但し、LLP契約の締結や登記手続を弁護士や司法書士等の専門家に依頼した場合は、別途報酬が必要となります。
LLP(有限責任事業組合)のメリット
以下ではLLPを作るメリットについて見ていきましょう。
構成員全員が有限責任
「有限責任」とは、出資者(組合員)が自分の出資した金額の範囲内でしか責任を負わない、という制度です。株式会社の株主と同じですね。
万が一、事業が失敗して負債を抱えた状態で倒産となったとしても、出資者は個人の財産から債務を返済する義務は有りません。そういう意味では、構成員を募りやすいといえますね。
とはいっても、これはあくまでも法的な枠組みに過ぎないので、現実的にはそう簡単な話ではないでしょうね・・・。特に融資の場合は個人保証を求められるケースが殆どなので、実質的には有限責任とは言い難いです。
参考:有限責任の反対は「無限責任」です。無限責任の場合は、債務を出資者個人の財産から返済しなければなりません。
損益や権限の分配が自由に決めることができるなど、内部自治が徹底している
「内部自治が徹底している」とは、法律によってではなく組合員同士で組織の内部ルールが決められている事を意味します。
株式会社の場合は、出資比率に応じて損益の分配や議決権の多寡が決まりますが、LLPは必ずしも出資比率に従う必要は有りません。
また、原則として構成員全員が業務執行をするので、取締役会や監査役を置く必要もないです。出資する人と経営者が一緒であれば、それを監視する機能は不要だからですね。

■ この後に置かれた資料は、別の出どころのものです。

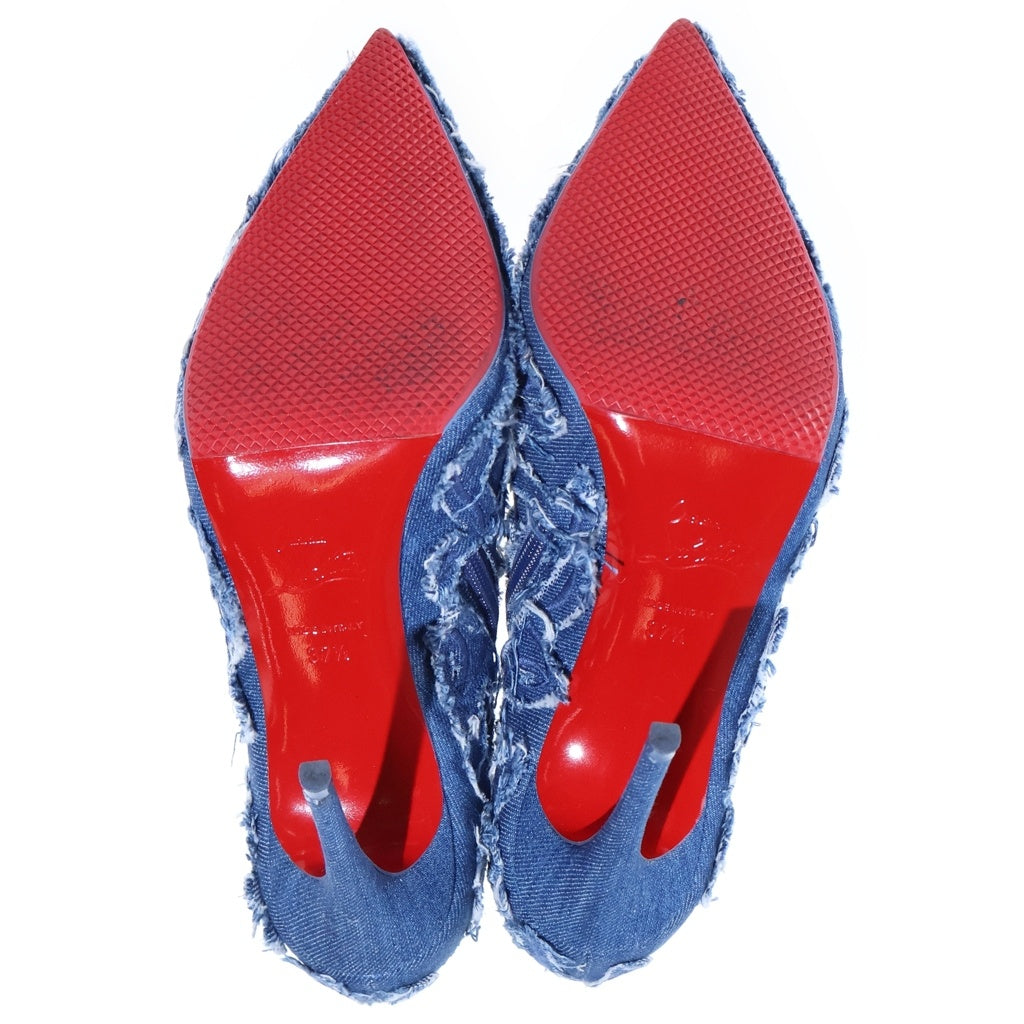 CHRISTIAN LOUBOUTIN(クリスチャンルブタン) So Kate 100 Denim Ankle Boots デニムアンクルブーツ ピンヒール ロゴ フリンジ ブルー レディース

つまり、基本的に「総構成員の同意が有れば何でもいい」という事になっているので、出資比率にとらわれない柔軟な組織設計・運営が可能なのです。
但し、これは逆に考えると、組合の内部で揉め事が起こった時でも全員一致の決議が必要なので、業務執行に支障が出てしまう事も考えられますね・・・。
構成員課税(パススルー課税)の適用を受ける
LLPを作る最大のメリットは、この「構成員課税」という点でしょうね。
「パススルー課税」とも言われ、LLPの行う事業で利益が出たとしても組織の段階での課税はされず、利益が構成員に分配された時点で、構成員に直接課税される事を意味しています。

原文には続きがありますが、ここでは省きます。